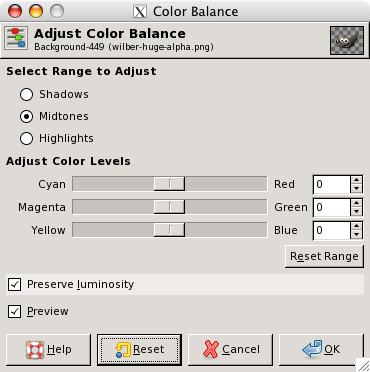 Opcje Balansu kolorów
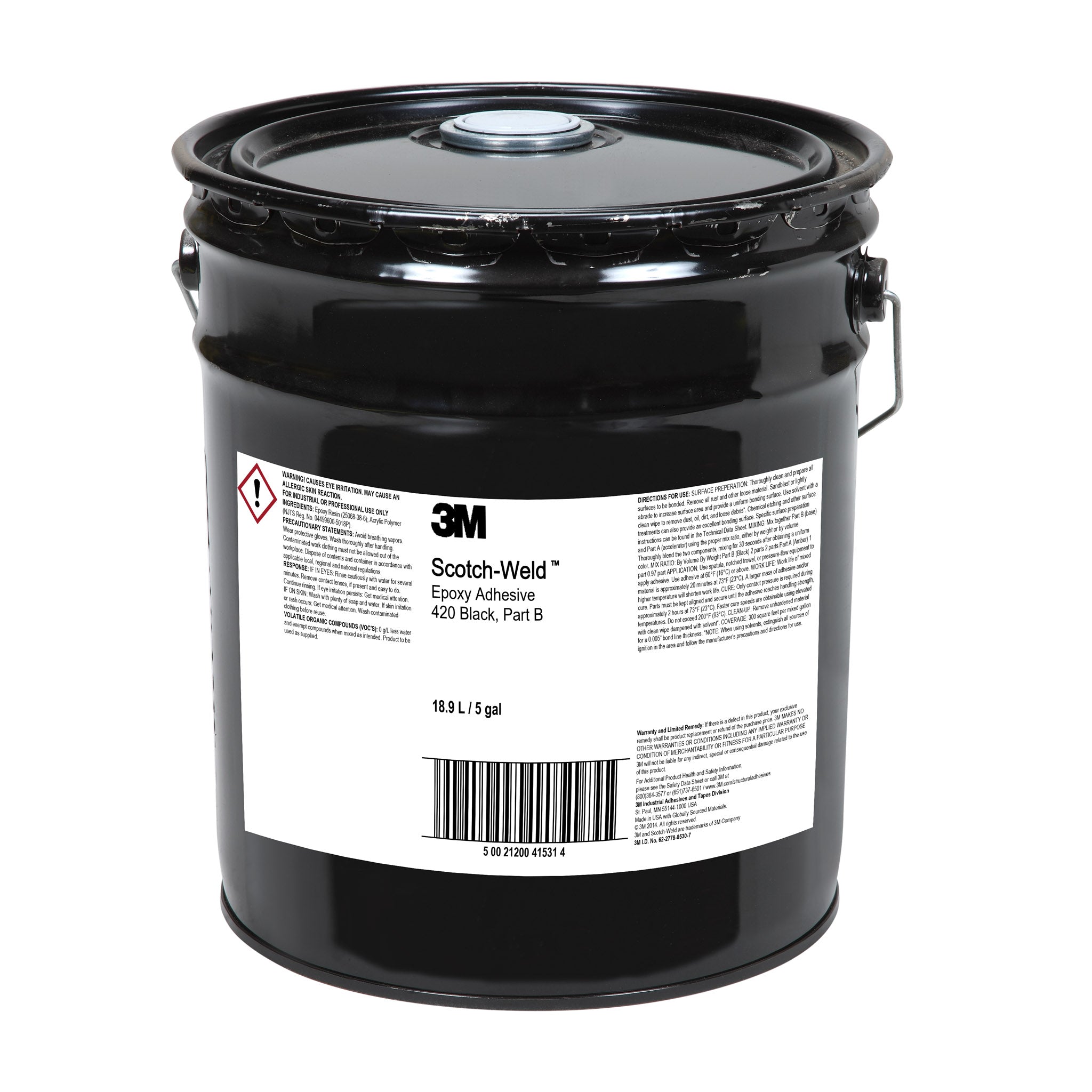 3M Scotch-Weld 420 Black Epoxy in 5 Gallon Pails – Part A & B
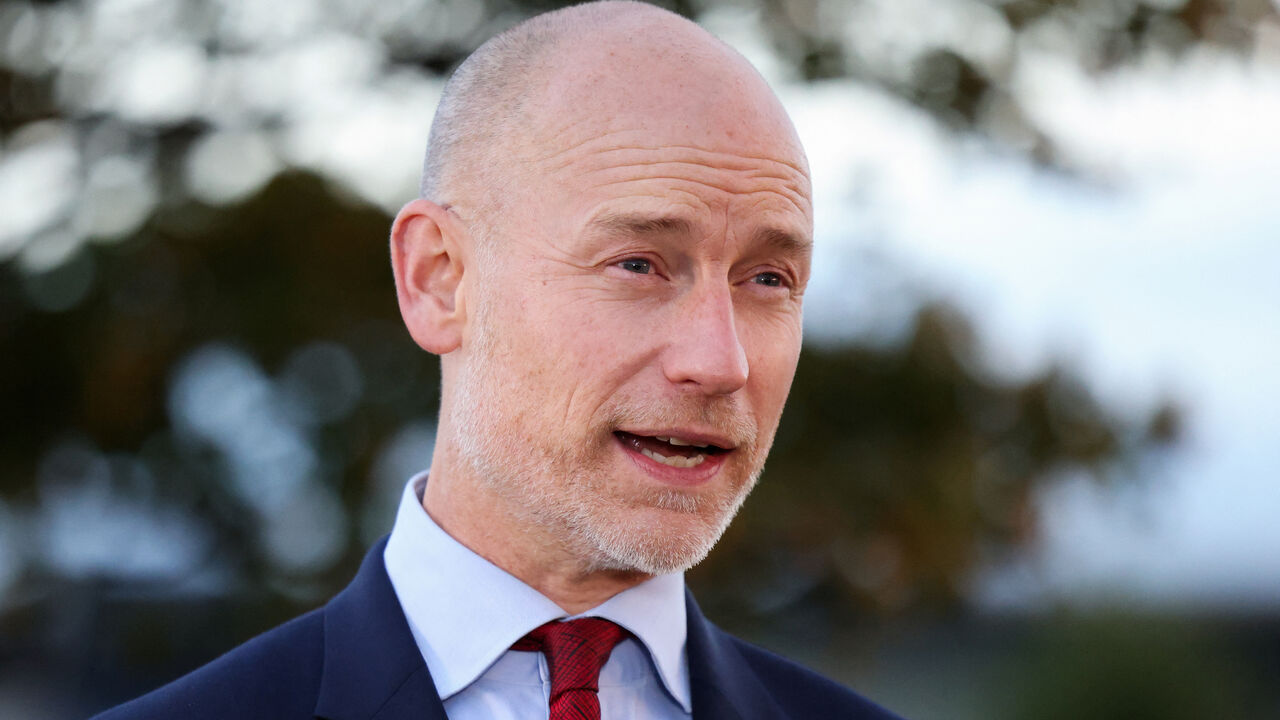 FILE PHOTO: Stephen Kinnock, Labour Party MP, speaks near Tata Steel Port Talbot steel production plant at Port Talbot, in Wales, Britain, September 30, 2024. REUTERS/Hollie Adams/ File Photo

*-*-*

§ **Task details**
Exactly as written, restate the lines from the one that contains "3M Scotch-Weld 420" through the final line of the data, both ends included, but leave out the pictures.

§ **Written answer**
 3M Scotch-Weld 420 Black Epoxy in 5 Gallon Pails – Part A & B
 FILE PHOTO: Stephen Kinnock, Labour Party MP, speaks near Tata Steel Port Talbot steel production plant at Port Talbot, in Wales, Britain, September 30, 2024. REUTERS/Hollie Adams/ File Photo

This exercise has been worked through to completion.